"Best American Poetry" Guest Editor Sherman Alexie Apologizes For "Pseudonym Bullshit"

Poet Michael Derrick Hudson was published in The Best American Poetry 2015 anthology under the name Yi-Fen Chou. He said he intentionally used the pseudonym to increase his chances of getting published.

The Best American Poetry 2015 guest editor Sherman Alexie emailed the anthology's poets, apologizing for the "damn mess" created when it was revealed that poet Michael Derrick Hudson was published under an Asian pseudonym.

The poet said he used the name “Yi-Fen Chou” as a “strategy” to increase his chances of getting his poems published in The Best American Poetry 2015.

In his bio for the anthology, Hudson said his poem "The Bees, the Flowers, Jesus, Ancient Tigers, Poseidon, Adam and Eve," was rejected 40 times. When using the pseudonym, the poem was rejected nine times before Prairie Schooner took it.

On Monday, Sherman Alexie, the anthology's guest editor, defended his decision to publish the poem even after learning the true identity of Yi-Fen Chou. Alexie said that he paid attention to Hudson’s poetry because of who he thought the poet was.

“I’m a brown-skinned poet who gave a better chance to another supposed brown-skinned poet because of our brownness,” he said in a blog post.

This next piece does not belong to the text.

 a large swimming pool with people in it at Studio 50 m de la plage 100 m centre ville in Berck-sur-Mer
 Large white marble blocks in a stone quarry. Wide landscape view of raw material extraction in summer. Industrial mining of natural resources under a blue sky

Alexie said that nepotism is "as common as oxygen" in the poetry world.

"But, in putting Yi-Fen Chou in the 'maybe' and 'yes' piles, I did something amorphous. I helped a total stranger because of racial nepotism," he wrote.

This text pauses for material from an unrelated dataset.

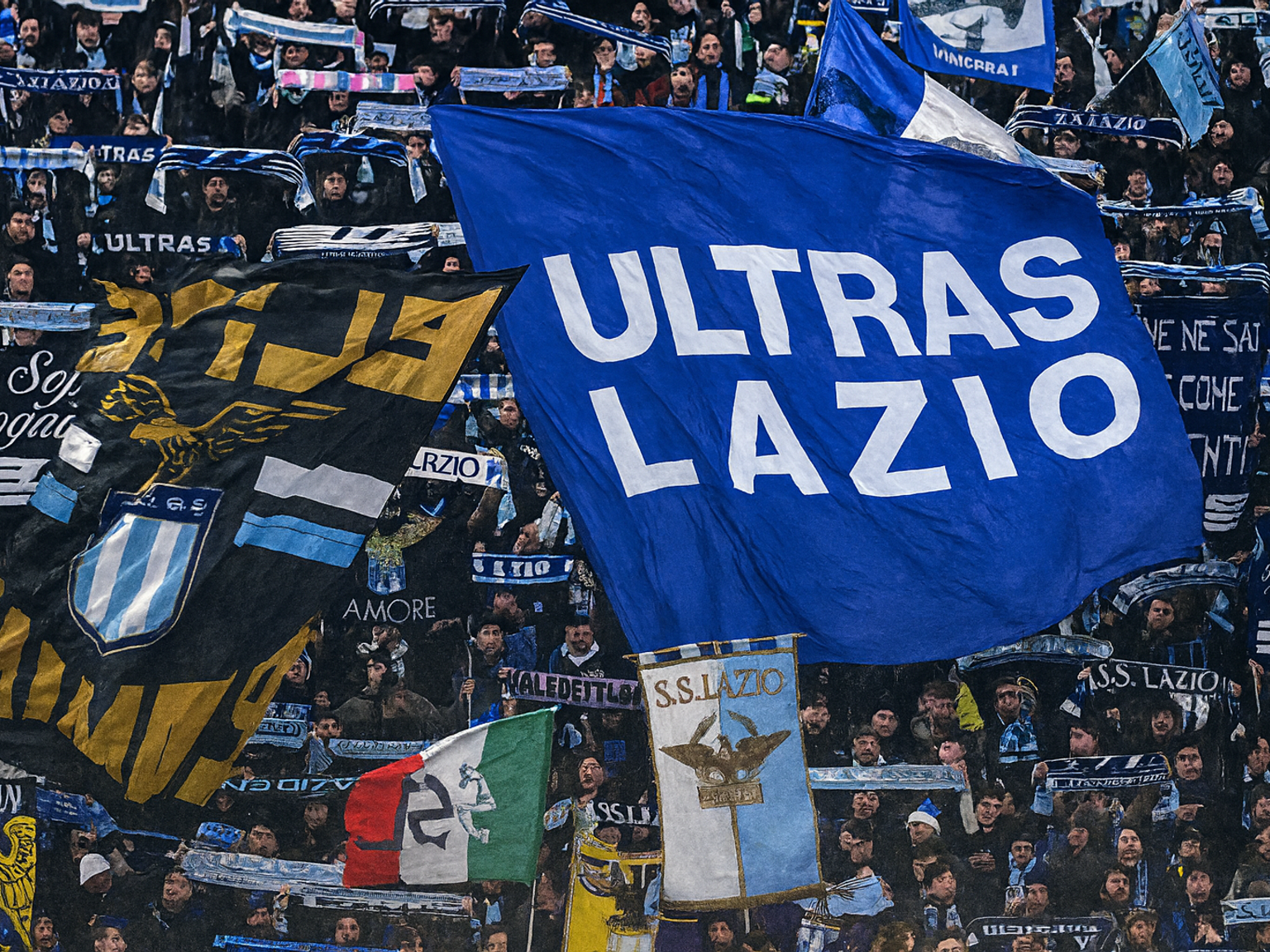 Lazio fotbollsfans håller stora flaggor, inklusive en blå med "ULTRAS LAZIO" skrivet i vitt.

The Best American Poetry editor David Lehman said that Alexie was solely in charge of picking the 2015 poems.

After finding out Hudson's true identity, "Sherman wanted to keep the poem in the book," Lehman said in a statement to BuzzFeed News. "There is a long history of pen-names in literature, and we have published pseudonymous poetry in BAP in the past."

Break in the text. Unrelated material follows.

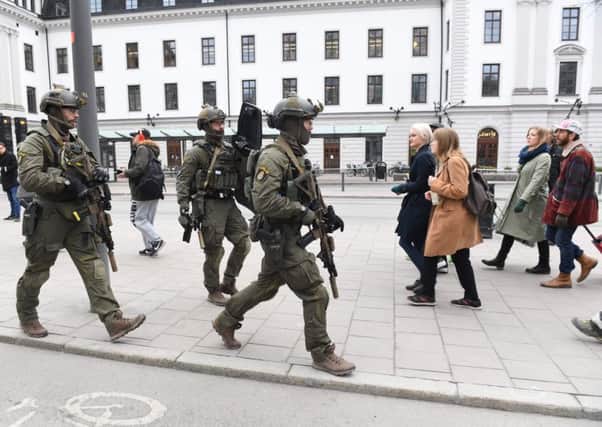 Police officers secure the area outside Stockholm Central station, on April 7, 2017 after a truck crashed into department store Ahlens on Drottninggatan, in central Stockholm. / AFP PHOTO / TT News Agency / Jessica GOW / Sweden OUTJESSICA GOW/AFP/Getty Images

After the revelation, many poets voiced concerns over the decision.

On Tuesday, Alexie emailed the other poets in the anthology, apologizing for the "Pseudonym Bullshit."

Read the full email, obtained by BuzzFeed News, below:

Dear Best American Poets,

I am sorry to send this as a group message but I wanted to reach you all at the same time.

I am sorry that this Pseudonym Bullshit has taken so much attention away from all of your great poems. I have been re-reading the anthology all day and I have been transported, again and again, to that wonderful moment when I first read each of them.

I still believe—I know—this year's Best American Poetry is a revolutionary celebration of poetic talent and diversity. And I hope this controversy soon fades and your poems will rise and be as celebrated as they should be.

And, yes, I respect those of you who might disagree with my decision to keep the poem in the anthology. And I understand why you might want to disassociate yourself from the anthology and from me.

I will continue to be a fan of all of you wonderful poets regardless of how you feel about this damn mess. And I will continue to be your fan regardless of any public or private opinions you need to express.

It comes to this: I love your poems—all of them—and I am honored to share this anthology with you.

Sincerely,

Sherman Alexie

Below is David Lehman's full statement:

The selections for THE BEST AMERICAN POETRY are made each year by a guest editor. We guarantee that person's autonomy. Sherman Alexie read the poem in question, loved it, added it to the list, and it survived the painful process when the list has to be pruned back to the destined 75.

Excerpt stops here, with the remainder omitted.